Raw data:
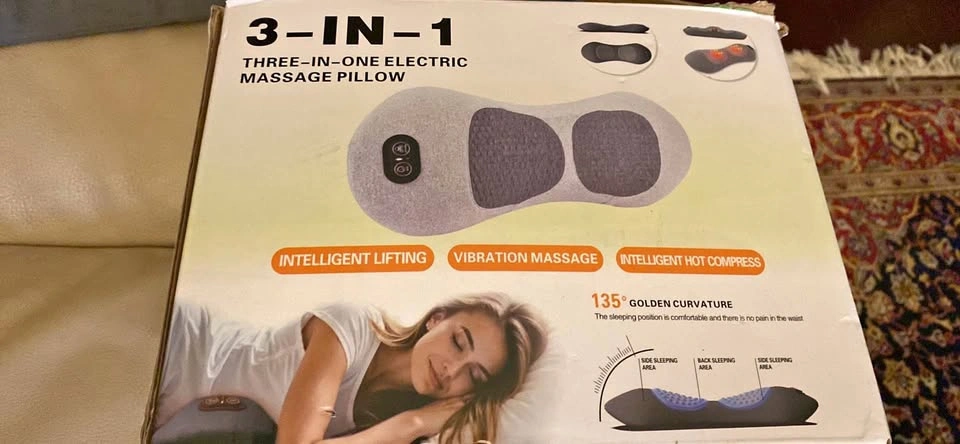 Smooth Spine Triple Fusion Back Massager 3-in-1 Lumbar Pillow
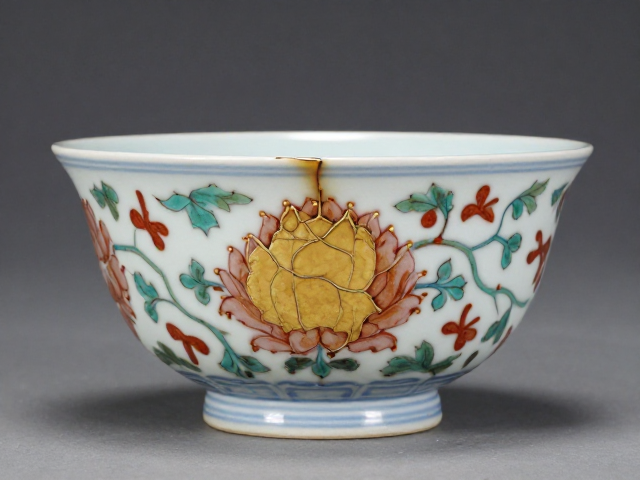 金缮修复明清御窑铁锈花，古瓷重生工艺与历史价值解析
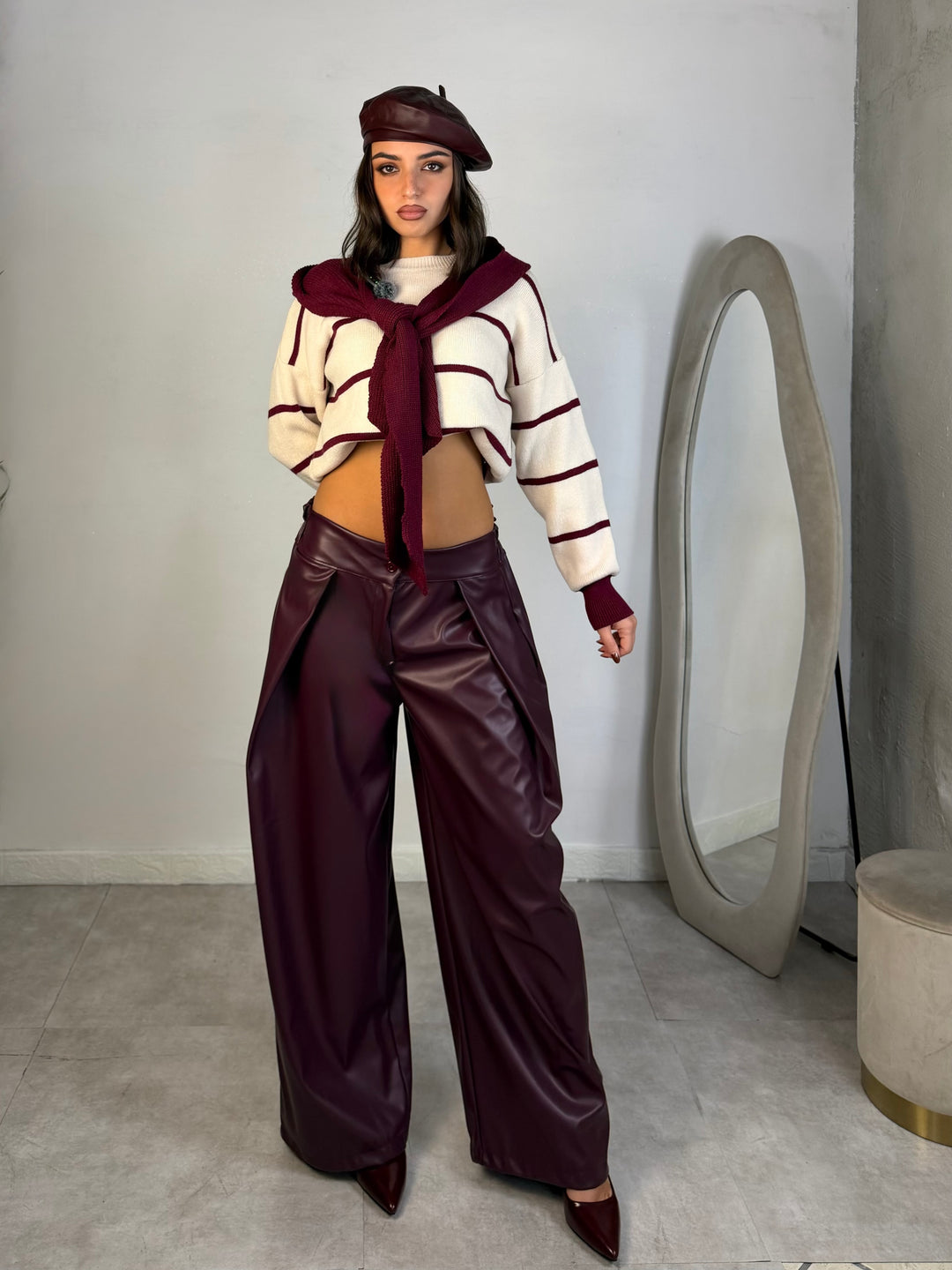 Pantaloni in eco pelle “Jolie”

Task to complete:
The job here is to retype the data exactly, with no pictures included.

Exercise solution:
 Smooth Spine Triple Fusion Back Massager 3-in-1 Lumbar Pillow
 金缮修复明清御窑铁锈花，古瓷重生工艺与历史价值解析
 Pantaloni in eco pelle “Jolie”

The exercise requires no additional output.